Pixel.js is a web browser-based graphical interface for separating pixels of a music score image into layers for OMR (including an automatically generated background layer). In other words, Pixel is used to teach the computer to extract and separate all the elements of a folio image into three categories: staff lines, symbols, and text. Each category is termed a "layer." All the symbols on the folio, including clefs and custodes, will be extracted and put into the symbol layer; the staff lines will be extracted and put into the staff line layer; and the text will be extracted and put into the text layer. The Pixel job will allow the human to provide the computer with correctly separated layers.
The Paco Trainer then generates neural network models to classify pixels into OMR-relevant layers. In other words, it uses the layers separated manually in Pixel to produce models that the computer will use to separate future folios into layers without human intervention.

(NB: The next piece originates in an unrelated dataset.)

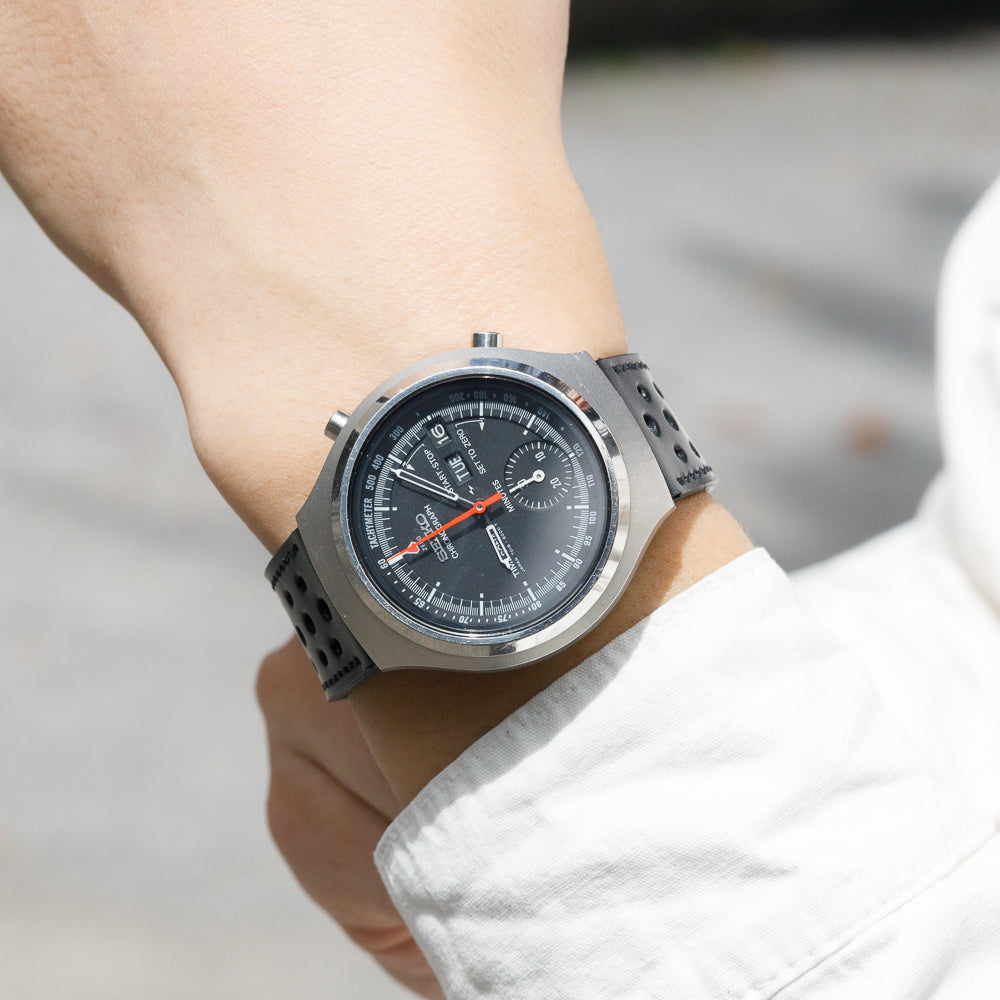 JAPANESE TIMEPIECES – TIMEANAGRAM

The Interactive Classifier is a browser-based interactive graphical interface based on the Gamera job of the same name and is used to train a music symbol model. The job iterates between an automatic classification stage of glyphs and a manual correction stage where the user is able to specify more glyphs as training data. In other words, much like the Pixel job is used for providing the computer with correctly separated layers, the Interactive Classifier job is used for providing the computer with correctly identified symbols. Since the musical scores we work with are manuscript, the appearance of standard symbols, like a clef or a punctum, changes from source to source; the computer must be taught what each glyph looks like in the given source. It can then use its bank of human-identified symbols to classify more symbols from the same manuscript without human intervention.
The e2e OMR process is the final step, where the full transcription actually happens. Using the training previously accomplished with the Pixel and IC jobs, the computer can read and transcribe a manuscript folio from start to finish without human intervention. Thanks to Rodan, all the jobs needed for the computer to accomplish this feat can be strung together in one giant workflow, like so:
The branch on the left is very similar to the Interactive Classifier workflow, with the difference that the Interactive Classifier (IC) job has been replaced with the Non-Interactive Classifier (NIC) job. The NIC accomplishes the same task as the IC but does not allow for human input; once the initial round of classifying is done, that information is sent directly to the next job. Any remaining errors will be corrected at the very end of the process, using Neon.
The middle branch has to do with the staff lines. This is where the staff lines are extracted from layer 2. Their exact position on the page is then analyzed and combined with the exact position of all the glyphs that the NIC has freshly identified, so that each glyph may be assigned a pitch.
The final branch on the right is for text alignment and syllabification. The text is compared with the chant text provided by the user. Each word is then identified and syllabified. Those syllables are then assigned to the neumes above them, which have now been pitched.
All that information is then combined in the MEI Encoding job, which converts it to MEI format and produces an MEI file containing the computer's transcription of the given folio.